A Movie a Day, Day 61: Aaron Schneider’s Get Low

Movies like this are all about authenticity.

Get Low
Photo: Sony Pictures Classics

I spent a few years in Knoxville, Tennessee, and I love Robert Duvall and Sissy Spacek, so I was eager to see Aaron Schneider’s Get Low in spite of a trailer that looked sappy and sanctimonious. Duvall plays Felix, an old coot who’s been holed up in a log cabin in East Tennessee for decades. He’s nursing a secret that half the people in the county, including his old girlfriend (Spacek), would love to hear. The twist is that Felix is planning his own funeral, which he wants to host while he’s alive so he can hear the stories people have been making up about him. That’s something I’d pay to see, though I didn’t have to thanks to a press screening last night (it opens in two weeks).

Get Low wanders off and gets temporarily lost in a couple dead ends (is Felix really near death or not? What are his plans for that casket full of cash that he makes the funeral director keep for him?), but the story I just laid out, which you get from the trailer, is basically the whole movie. And it would have been plenty, if only I could have believed that these people would have behaved in that way.

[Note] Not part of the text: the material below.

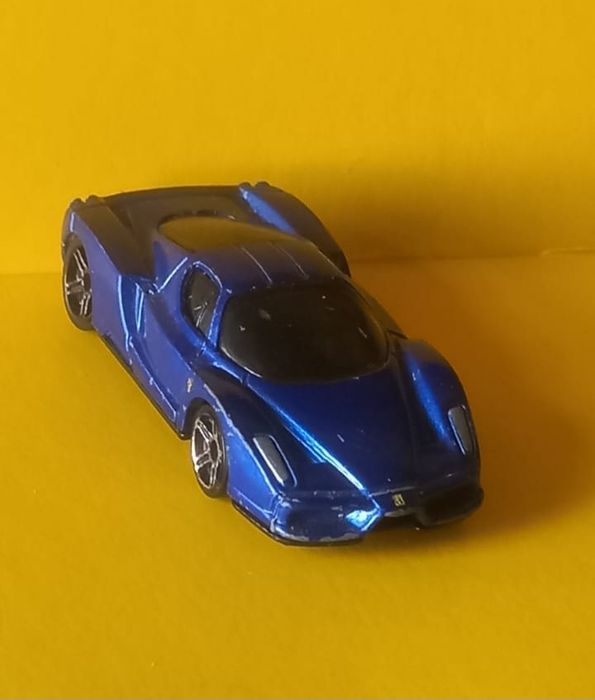 Enzo ferrari hot wheels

Movies like this are all about authenticity. When they work, it’s because they give you a guided tour of a closed world you’ll probably never visit in life—and would never be allowed into even if you did. Mind you, I’m not claiming to be an expert on Tennessee’s hill country just because I lived in its capital city for a few years: I came there a stranger and I left the same way. I’m just saying Get Low didn’t ring true to me the way, say, Coal Miner’s Daughter or Winter’s Bone did. This one is based on a true story: The real Felix “Bush” Breazeale used a raffle to draw thousands of people to the “living funeral” he hosted for himself in 1938. But there are plenty of bad dogs with good pedigrees, and in the end, Get Low just feels like so much playacting.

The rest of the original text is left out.